Castanets chronology
|  | Cathedral (2004) | First Light's Freeze (2005) |

= Cathedral (Castanets album) =

Cathedral is an album by Castanets, released on October 19, 2004 through Asthmatic Kitty. Part of the album was recorded live and includes a dozen local musicians. Led by Raymond Raposa, this is the band's first foray into studio recording, which he described as 'a really protracted, uncomfortable process'. The release features guest-vocals by Brigit DeCook and Liz Janes. The material was partly recorded in a remote cabin in Northern California. Raposa had planned to publish a novel to accompany the album, which failed to surface.

== Critical reception ==

Amanda Petrusich of Pitchfork.com compared Raposa's writing on Cathedral to that of the poet Seamus Heaney.

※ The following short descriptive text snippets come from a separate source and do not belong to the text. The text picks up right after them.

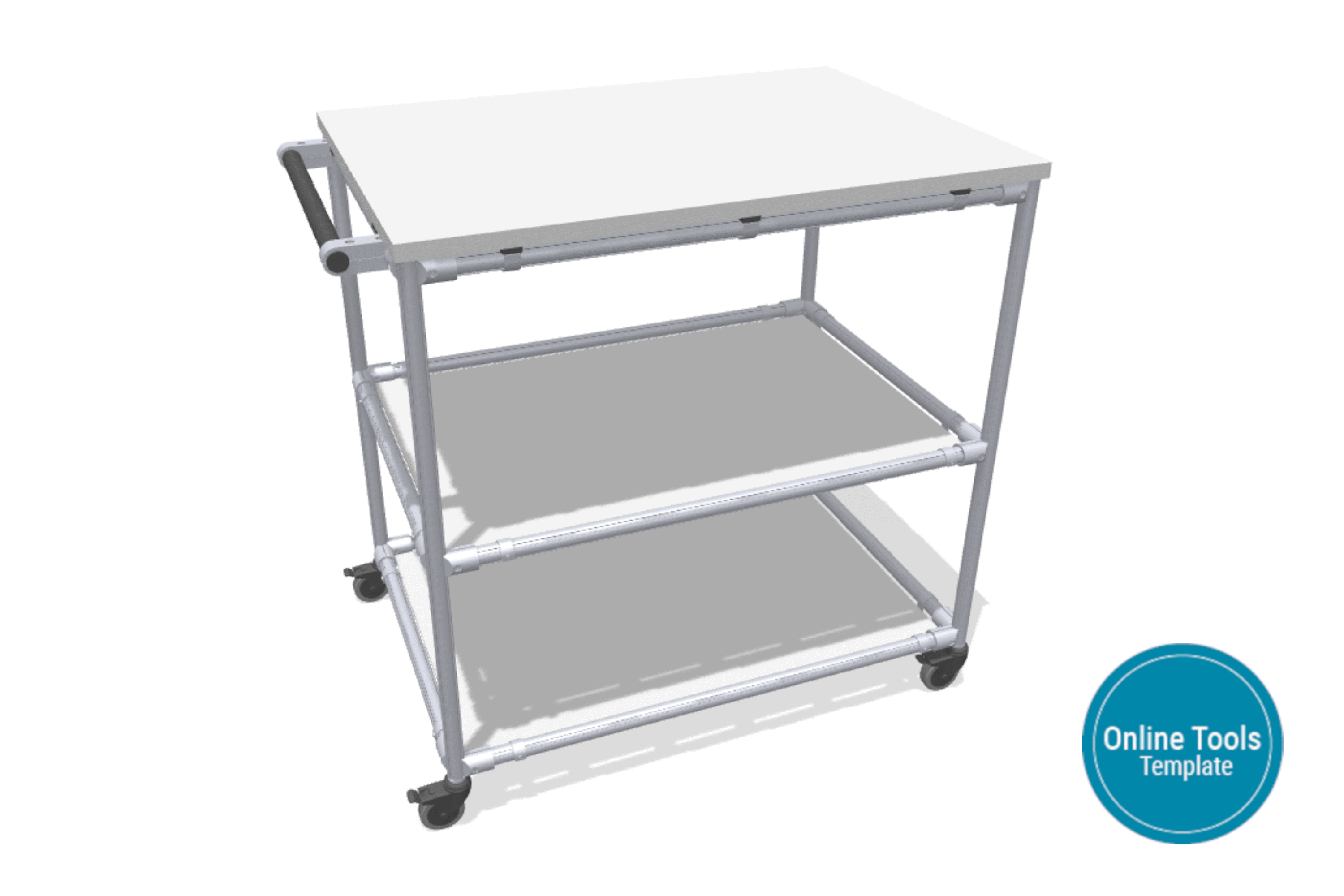 Lightweight assembly trolley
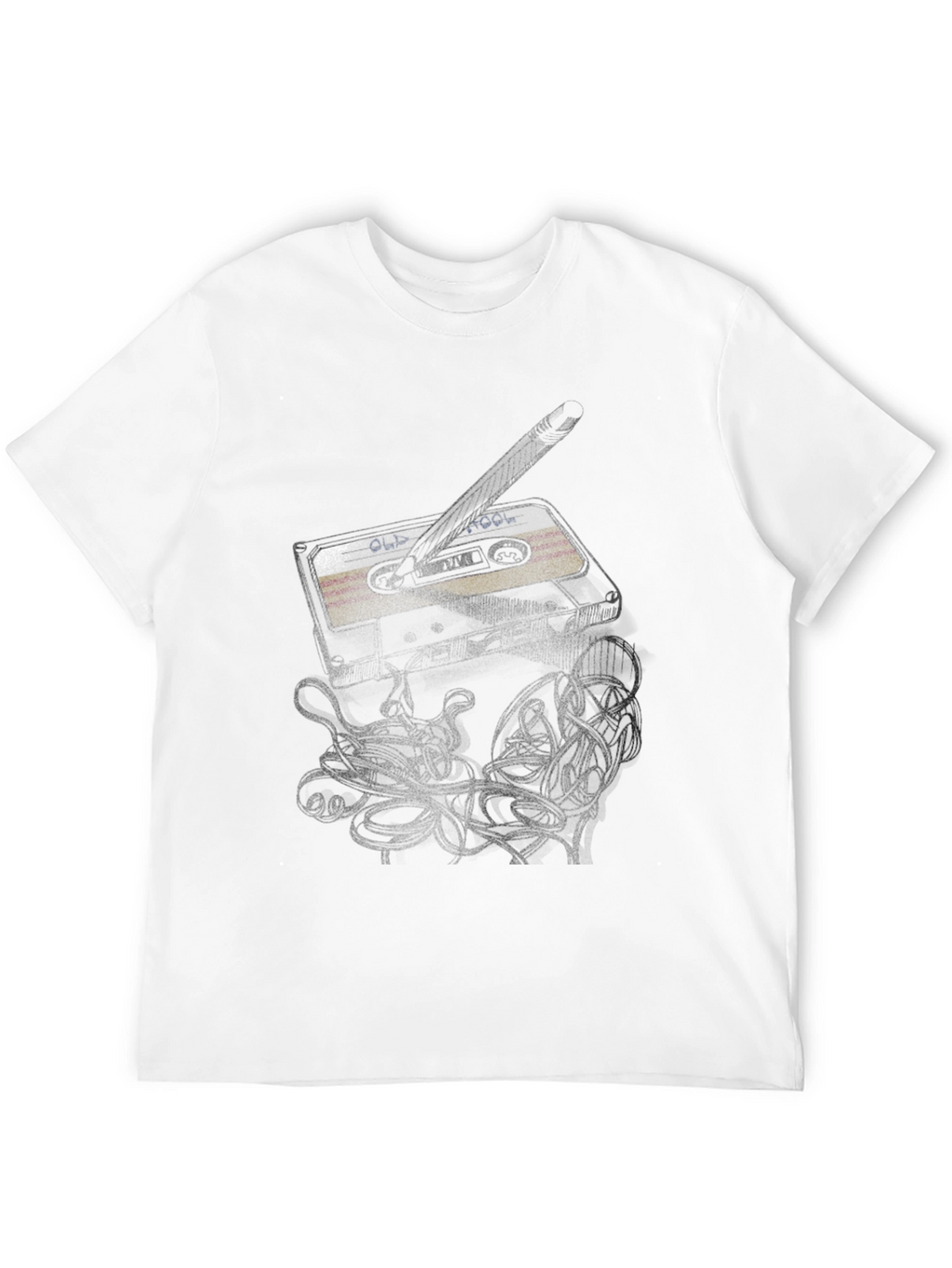 Old School Mix Tape Graphic Tee - Black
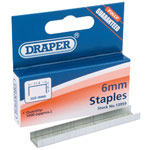 Draper 13959 6mm Staples (1,000)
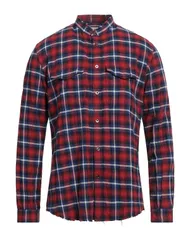 ザディグ エ ヴォルテール メンズ トップス シャツ ZADIGVOLTAIRE チェック柄シャツ Red レッドのサムネイル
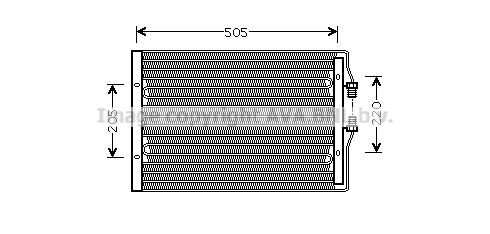 AVA QUALITY COOLING Конденсатор, кондиционер IV5065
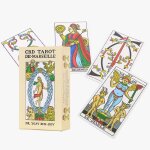 12 * 7cm cbd tarot de marseille cartes oracle divination deck divertissement fte jeux carte de destin ...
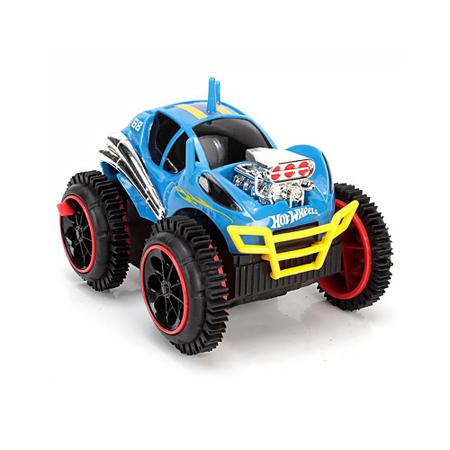 Carrinho Controle Remoto Turbo Tumbling Hot Wheels - Azul - Zaza Toys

She described the album as a collection of 'deep gothic ballads' of 'country music [that] should sound like death, and more specifically, death-by-murky-submersion'. Heather Phares of allmusic.com referred to the religious overtones of the album, describing it as 'spiritual searching' and as having 'a certain dark theatricality'. Justin Cober-Lake at popmatters.com described Cathedral as having 'lo-fi production [which] helps develop the darkness of Castanets’ music. [It] sounds as if it was recorded in the desert at night, which suits the pre-technology fears of the album'. Jon Pit from Dusted Magazine called it 'another welcome installment in the folk renaissance' although he described Raposa's vocals as 'lacklustre'. In December 2004, American webzine Somewhere Cold ranked Cathedral No. 8 on their 2004 Somewhere Cold Awards Hall of Fame list.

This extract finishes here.